Supreme Court of California,Department One
Apr 8, 1905
146 Cal. 571 (Cal. 1905)

Opinion

S.F. No. 4047.

April 8, 1905.

MOTION to Dismiss Appeals from a judgment of the Superior Court of San Mateo County and from an order denying a new trial. George H. Buck, Judge.

The facts are stated in the opinion of the court.

Corbet Goodwin, and Lawrence T. Wagner, for Appellant.

R.H. McGowan, and Galpin Bolton, for Respondent.


Motion to dismiss appeals from a judgment and an order denying the motion for a new trial made by the Phenix Insurance Company, one of the defendants.
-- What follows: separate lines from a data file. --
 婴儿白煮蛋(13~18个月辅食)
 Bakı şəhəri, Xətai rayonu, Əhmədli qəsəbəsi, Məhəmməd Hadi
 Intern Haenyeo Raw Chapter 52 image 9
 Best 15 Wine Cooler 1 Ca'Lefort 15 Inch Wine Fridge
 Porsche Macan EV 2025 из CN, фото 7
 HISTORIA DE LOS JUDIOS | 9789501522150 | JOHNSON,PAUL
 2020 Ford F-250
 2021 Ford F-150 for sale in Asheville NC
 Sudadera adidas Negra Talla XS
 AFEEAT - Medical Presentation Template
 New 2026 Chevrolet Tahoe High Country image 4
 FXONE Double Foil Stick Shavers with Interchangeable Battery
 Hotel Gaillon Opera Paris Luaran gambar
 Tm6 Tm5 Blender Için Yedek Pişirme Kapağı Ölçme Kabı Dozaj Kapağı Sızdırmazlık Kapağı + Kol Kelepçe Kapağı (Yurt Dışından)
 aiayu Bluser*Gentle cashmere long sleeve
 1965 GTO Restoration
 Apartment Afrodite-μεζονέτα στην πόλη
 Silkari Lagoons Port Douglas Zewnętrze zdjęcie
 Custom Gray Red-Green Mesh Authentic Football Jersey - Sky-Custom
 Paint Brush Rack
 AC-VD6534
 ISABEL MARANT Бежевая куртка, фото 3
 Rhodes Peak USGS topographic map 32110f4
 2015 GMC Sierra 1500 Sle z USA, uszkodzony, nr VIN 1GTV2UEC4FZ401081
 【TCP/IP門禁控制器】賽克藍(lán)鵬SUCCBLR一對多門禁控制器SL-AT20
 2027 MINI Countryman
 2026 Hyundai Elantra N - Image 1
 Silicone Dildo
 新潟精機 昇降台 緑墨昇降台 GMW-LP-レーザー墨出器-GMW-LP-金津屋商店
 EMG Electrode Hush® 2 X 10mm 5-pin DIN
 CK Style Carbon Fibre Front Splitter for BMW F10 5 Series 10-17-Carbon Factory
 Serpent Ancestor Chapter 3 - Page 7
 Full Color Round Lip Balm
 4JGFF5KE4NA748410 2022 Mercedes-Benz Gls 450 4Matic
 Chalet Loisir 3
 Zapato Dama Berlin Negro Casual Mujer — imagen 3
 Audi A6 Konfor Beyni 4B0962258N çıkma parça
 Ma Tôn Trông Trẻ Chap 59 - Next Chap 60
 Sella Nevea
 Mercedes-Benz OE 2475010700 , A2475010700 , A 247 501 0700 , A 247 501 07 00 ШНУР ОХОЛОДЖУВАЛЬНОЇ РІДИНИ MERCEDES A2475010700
The ground of the motion is, that the notice of appeal was not addressed to or served upon the co-defendant of appellant, the Bank of San Mateo County, alleged to be a necessary party to said appeals.

1. So far as the appeal from the order denying the motion for a new trial is concerned, it is only necessary to say that the Bank of San Mateo County was not a party to the proceedings on motion for a new trial. The notice of intention to move for a new trial was addressed to the plaintiff and her attorneys only. If the notice of appeal from an order on motion for a new trial be served upon the adverse parties to the motion in the court below, such service is sufficient to give this court jurisdiction to entertain the appeal from such order, at least in cases where the motion has been denied in such court. (Watson v. Sutro, 77 Cal. 609.) The question as to whether other parties should have been made parties to the motion in the court below is not involved upon a motion to dismiss the appeal from such an order. (Id.) A failure to serve an adverse party with notice of intention to move for a new trial may be a reason for denying the motion for a new trial, and for affirming such order on appeal, but it does not constitute a reason for the dismissal of the appeal upon the ground that the court has not acquired jurisdiction to hear it. In re Ryer, 110 Cal. 556, 559. See, also, Barnhart v. Fulkerth, 92 Cal. 155.)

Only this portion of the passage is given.